А каким редким именем, Лизонька, твою маму назвали — Астерия, я ведь ни одной Астерии за всю свою жизнь не встречала. В святцах — Астерия звездная, именины — девятнадцатого июля, а святой у меня мужчина, Астерий, доктор в Риме… А в пионерском лагере меня стали дразнить: “Астерия-дизентерия!” Вот я и спрашиваю мамочку: “Ты — Мария, папа — Николай, а я — Астерия. Если бы я получилась, ну, не очень красивая и еще — Астерия?” А мамочка поглядела вот так, плечиком дернула: “Асенька, почему некрасивая?” Тут я у тебя листала церковный календарь, день Мусенькиных именин — одиннадцатое ноября по-новому, а в тот день есть Астерий. И я вдруг как увидела — шестнадцатый год, Томск, мамочка беременна, ее день Ангела, и они, оба моих родителя, выбирают имя. Если, конечно, родится девочка… А в паспорте, Лизонька, чего мне только не писали. И Астория! И Эстерия! Я говорю — такого имени нет. Есть Естер — еврейское имя, а я Астерия. Но с милицией не поспоришь.
Лизонька! Вы меня там положите, где тебе будет от дома близко. Договоритесь как-нибудь, чтобы рядом. Ну, хоть там, где Андрюшенька. Такой мальчик золотой был. Такой ласковый. Всем ласковый. Такой знаменитый, все его узнавали, все девушки влюблены, а никогда не воображал, никогда. Так вот, лучше там, а то ты и к бабушке с дедушкой, к моим папочке с мамочкой, редко ходишь, а здесь рядом. Почему не говорить об этом? Надо говорить. Надо.

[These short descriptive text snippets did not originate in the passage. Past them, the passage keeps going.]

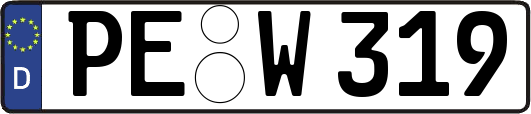 PE-W319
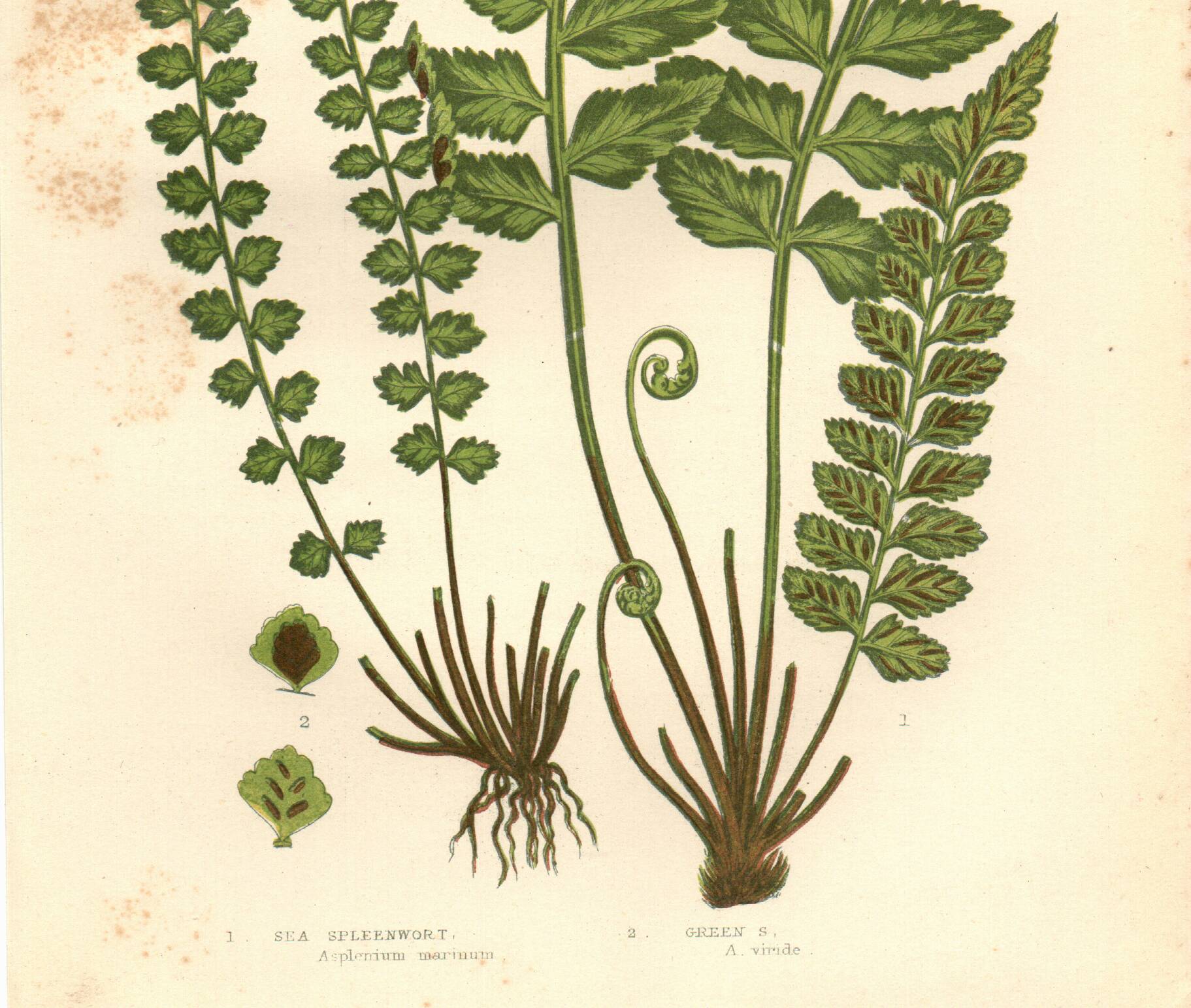 Engraving from 1889 - Fougères cétérach by A. Pratt - old botanical plate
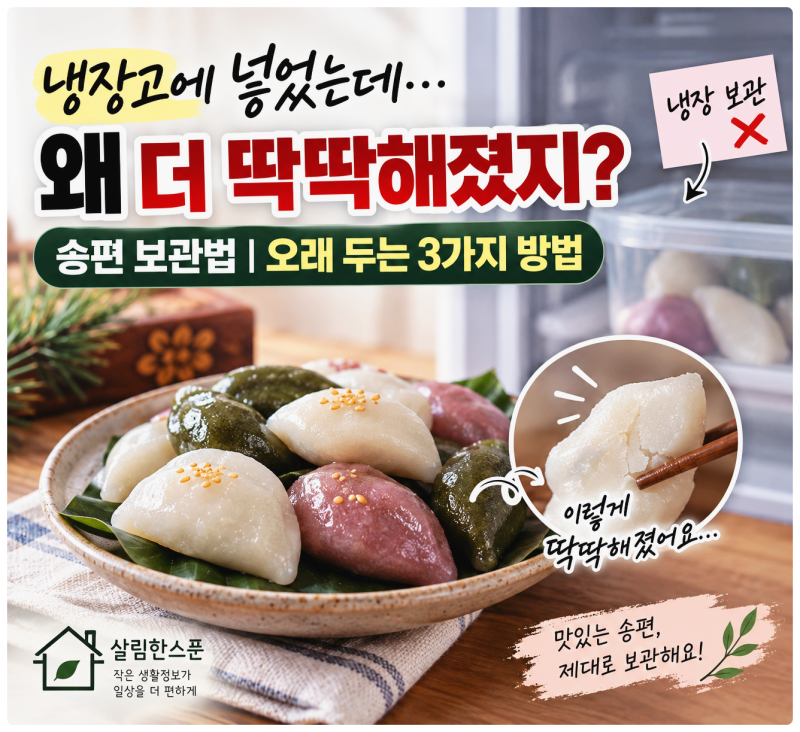송편 보관법｜냉장고에 넣었는데 더 빨리 굳었다? 오래 두는 3가지 방법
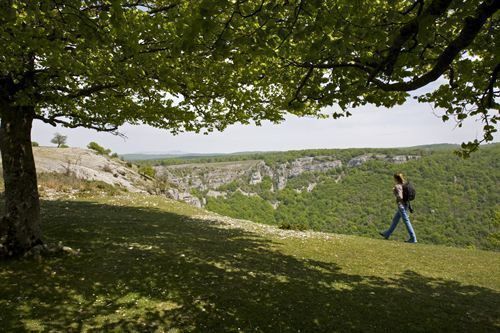 Los agentes forestales madrileños piden más agentes para proteger el Parque del Guadarrama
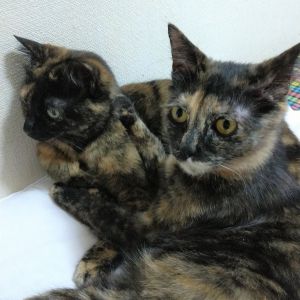 むぎ（秋田市）ご無沙汰してます。むぎです。1年たってこんなに大きくなりました（手前）。ちょっと迷惑なくらい（！）先住さんにもべったりです。とてもおしゃべりで飼い主が帰宅したらいつも色々報告してくれます。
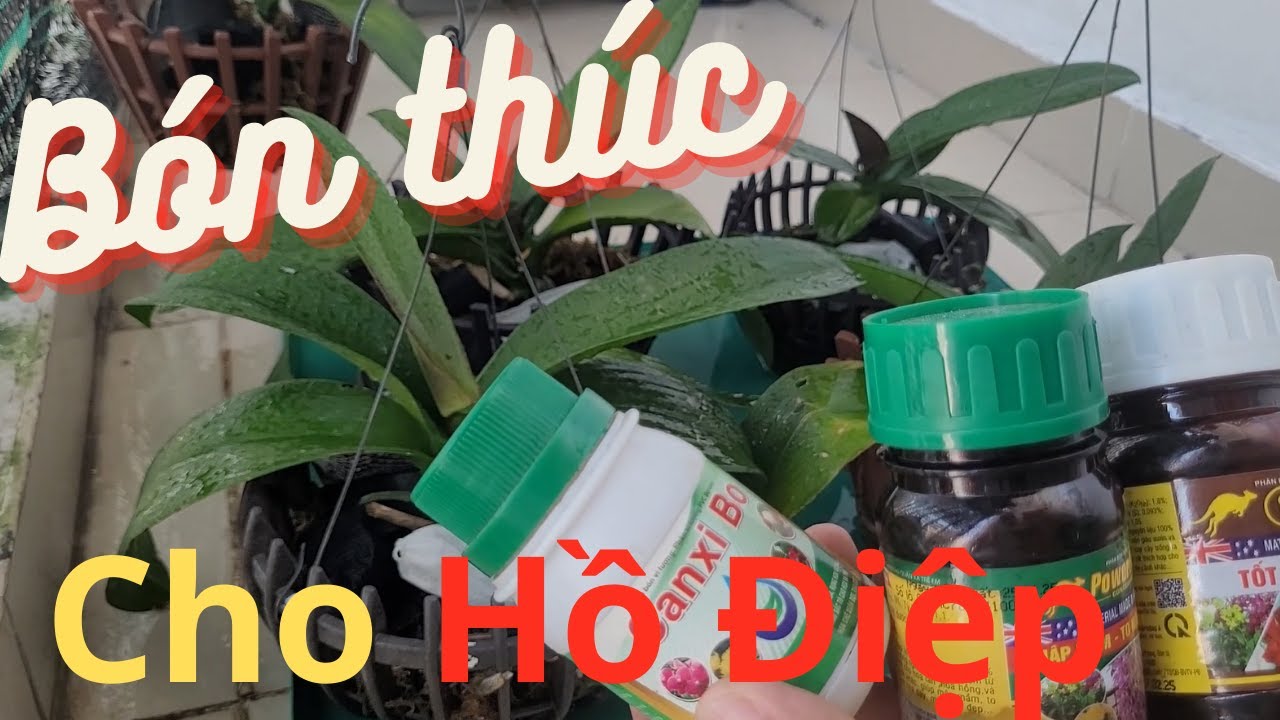 Bón thúc cho hồ điệp chuẩn bị mùa hoa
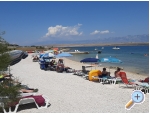 Appartements Alma - ostrov Vir Kroatien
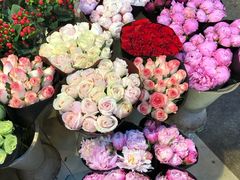 -双季花艺园艺市场(浦东店)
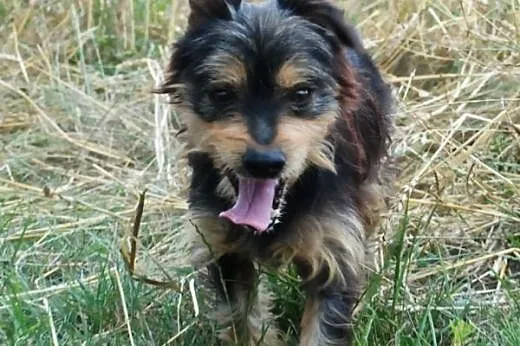 Gienio młody, wesoły mix terrier szuka domu,  mało
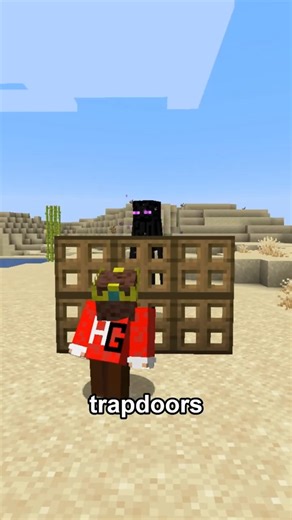 The Illegal Enderman Secret... 🤫 #minecraft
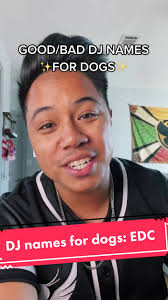 DJ NAMES FOR DOGS: EDC LAS VEGAS. should I do days 2 and 3? #edm #edmtiktok  #raversoftiktok #edclasvegas #edclv2021 #raver #festival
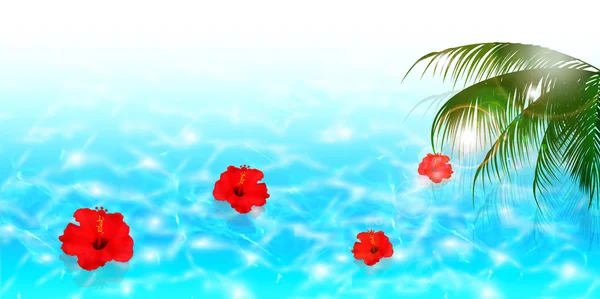 Hibiscus sea background — Stock Vector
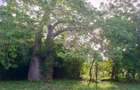 90 ac Residential Land at Kuruwitu-Vipingo - 2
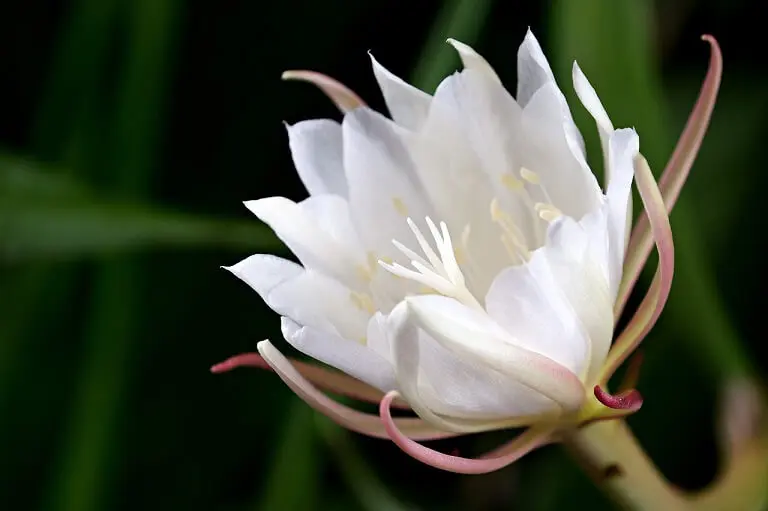 fiori che si aprono di notte - Come si chiamano i fiori che si aprono di notte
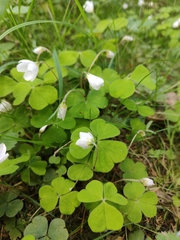 Oxalis acetosella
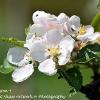 Apple Blossom 3  Limited Print of 5  Mount Sizes 20x16 16x12 A4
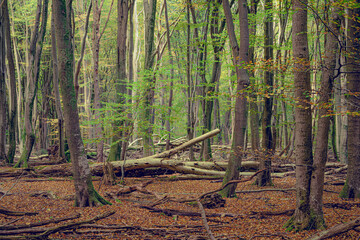 Fallen beech tree on the ground of an ancient autumn forest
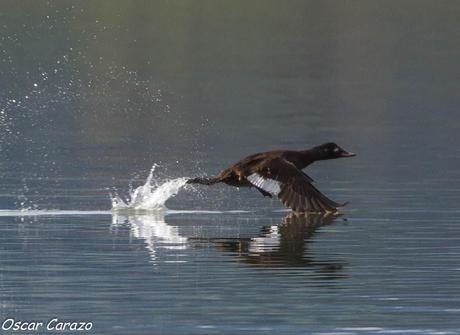 SANTOÑA EN PLENITUD SANTOÑA EN PLENITUD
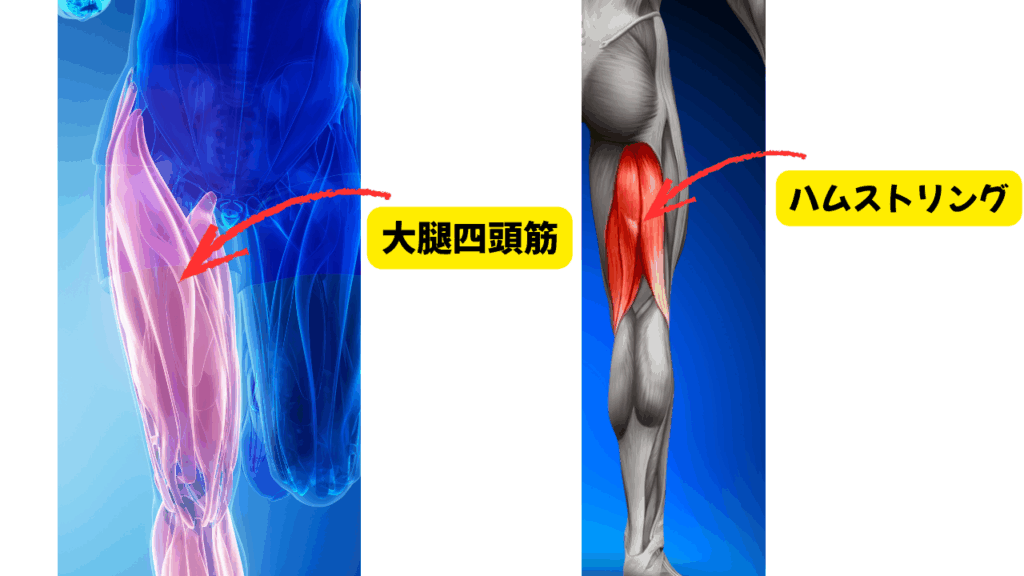 大腿四頭筋とハムストリングスの説明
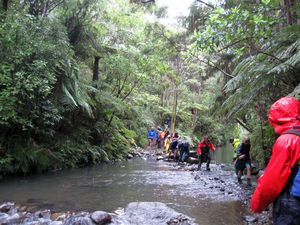 Image of cascadebethells09adstream.jpg
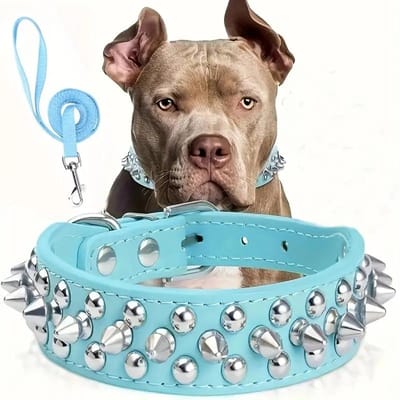 Set met spikes voor hondenhalsband en riem, verstelbare hondenhalsband met klinknagels voor buitenwandelingen (SKY BLUE,S)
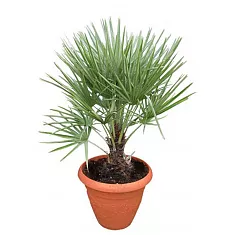 Пальма Хамеропс Хумилис - Chamaerops Humilis D20 H80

Лизонька! Лизонька! А ведь мамочка папу Колю спасла. Может, от смерти. Да, Лизонька! В семнадцатом. Они ехали в поезде, не знаю куда, знаю — без меня, кому-то оставили доченьку, было опасно очень, а народу — как сельдей в бочке, вши, конечно, и потом возвращалась с фронтов солдатня, офицеров убивали не за так. Папа Коля переоделся в студенческую тужурку и суетился, мамочке даже стыдно было, так непривычно, как он суетился и бегал для всех за кипятком, а командовал там в вагоне не то матрос, не то уголовник, зубы гнилые, нос проваленный, мамочка решила — сифилитик, вот он и приказывал — Давай, стюдент, вали за кипятком, а мы за барышней твоей приглядим! И папа Коля — папа Коля! — покорно бежал за кипятком, а мамочка оставалась, и этот буравил ее глазами. Погода была скверная. Лил дождь, тужурка у Николая Николаевича намокла, он стал кашлять, у него вообще были плохие легкие, а этот на каждой остановке и усмехаясь — Вали, стюдент, за кипятком! Да не расплескай, пока несешь!
А мамочка, когда папа Коля уходил, всегда притискивалась к окошку, боялась, что он отстанет, и даже решила выпрыгнуть, если так случится, — паровоз набирал ход медленно-медленно, с трудом. Все тогда приходило в упадок, разваливалось, а еще впереди была Гражданская… Так вот, папа за кипятком, мамочка его высматривает, и тут солнце выглянуло — и она сразу увидела в толпе своего Коленьку, волосы его золотые как вспыхнули, он возвращался, мамочка даже улыбнулась, и вдруг голос — Гляди, ребята, стюдент, стюдент, а сапоги-то у стюдента офицерские! — и тихо стало.
А папа Коля шел, так легко шел, по привычке высоко нес голову, теперь считай пропавшую, и сапожки сияли… Мамочка потеряла сознание. А глаза открыла — увидела стакан. Да. Да. Стакан с водою, и тысячи ртов тысяч людей как отпечатаны. Держал стакан главный, она думала, сифилитик, и он велел — пей, барышня, для успокоения! А мамочка так боялась какой-нибудь инфекции, что остатками духов французских все протирала, папа Коля сердился даже, а тут она выпила воду и без остатка. Папы Коли в вагоне еще не было, и тогда этот сказал мамочке тихо — Мотайте отсюда со своим стюдентом оба! Я вас, барышня, от наших больше не отобью.
А вот папа Миша, Лизонька, пшенную кашу не ел. Он просто от одного ее запаха задыхался. И никакая не аллергия! Это после тюрьмы Лефортовской. Когда его вместе с другими офицерами царскими к расстрелу приговорили и все не расстреливали. А кормили одной пшенкой. Конечно, там жмых один, но все равно пшено… А потом, Лизонька, вывезли в чисто поле. Старших офицеров расстреляли. Ну а тем, кто остался, предложили курсантов учить. Кто предложил? Фрунзе, Лизонька. Он там был.